Davina sapeva bene che la paura poteva essere fatale per lei e per la sua incolumità.
Aveva imparato a convivere con essa in funzione delle minacce di Walburga, del suo continuo sminuirla di fronte agli altri.
Aveva imparato a farsi amica quella paura che inizialmente temeva di guardare negli occhi.
Ma dopo varie sedute assieme a lei, aveva iniziato a fare l'abitudine alla strana sensazione di fiato corto, di battito accelerato, di iperidrosi.
Ogni qual volta perdeva la funzione delle terminazioni nervose perché si trovava paralizzata.
Ogni qual volta che il suo corpo diveniva freddo come un cubetto di ghiaccio.
Ogni qual volta la sua pelle era talmente tesa da potersi strappare.
Si era abituata ad ogni sintomo della paura ed era finita per convivere assieme a lei.
La paura era diventata la peggiore e la migliore coinquilina che Davina potesse avere.

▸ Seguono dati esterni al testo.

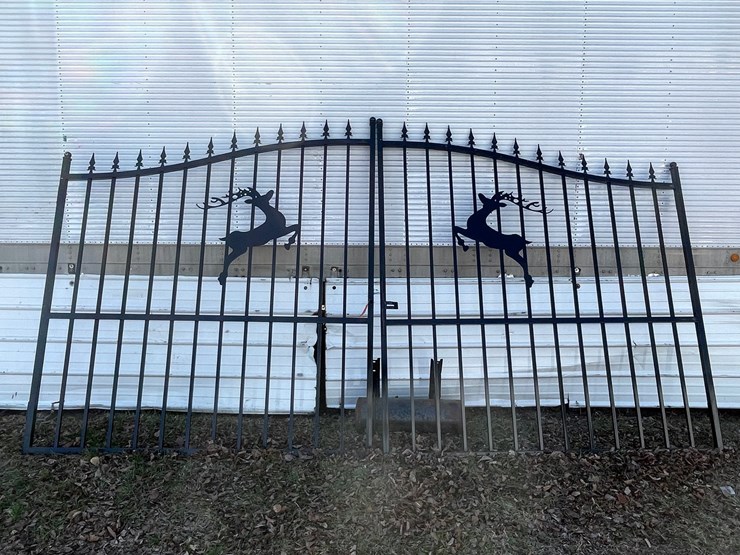 #10387-•-set-of-7'-bi-parting-metal-gates-image-1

Questa paura si faceva sentire anche ogni qual volta Tom Riddle attraversava da estremo ad estremo la sala comune di Serpeverde e lei rimaneva impassibile a guardarlo camminare, una brezza che leggiadra faceva svolazzare il suo ciuffo e il suo mantello.
Lei si perdeva nei piccoli movimenti del ragazzo, fondendo i suoi occhi con il corpo di lui.

La sera della festa nella Stanza delle Necessità non rappresentava solamente un'occasione di svago per lei, ma rappresentava anche un momento più consono per parlare a Tom dei suoi sentimenti.
Probabilmente se ne sarebbe fregato e l'avrebbe derisa, ma lei preferiva renderlo partecipe del suo mondo interiore, perché sapeva che in qualche modo, anche se solo carnalmente, avrebbe ricambiato i suoi sentimenti.

Si preparò fisicamente e psicologicamente per quella sera, truccandosi come non aveva mai fatto prima e sfoggiando un abito nero che teneva da parte per le occasioni speciali.
Il corpetto, assieme alla carne dell'addome, stringeva anche le emozioni che rischiavano di trapelare dal suo petto. Il battito cardiaco non era uniforme, ma ogni tanto le crepitava nella cassa toracica come se stesse bussando per avvertirla di smettere di provare sentimenti tanto forti.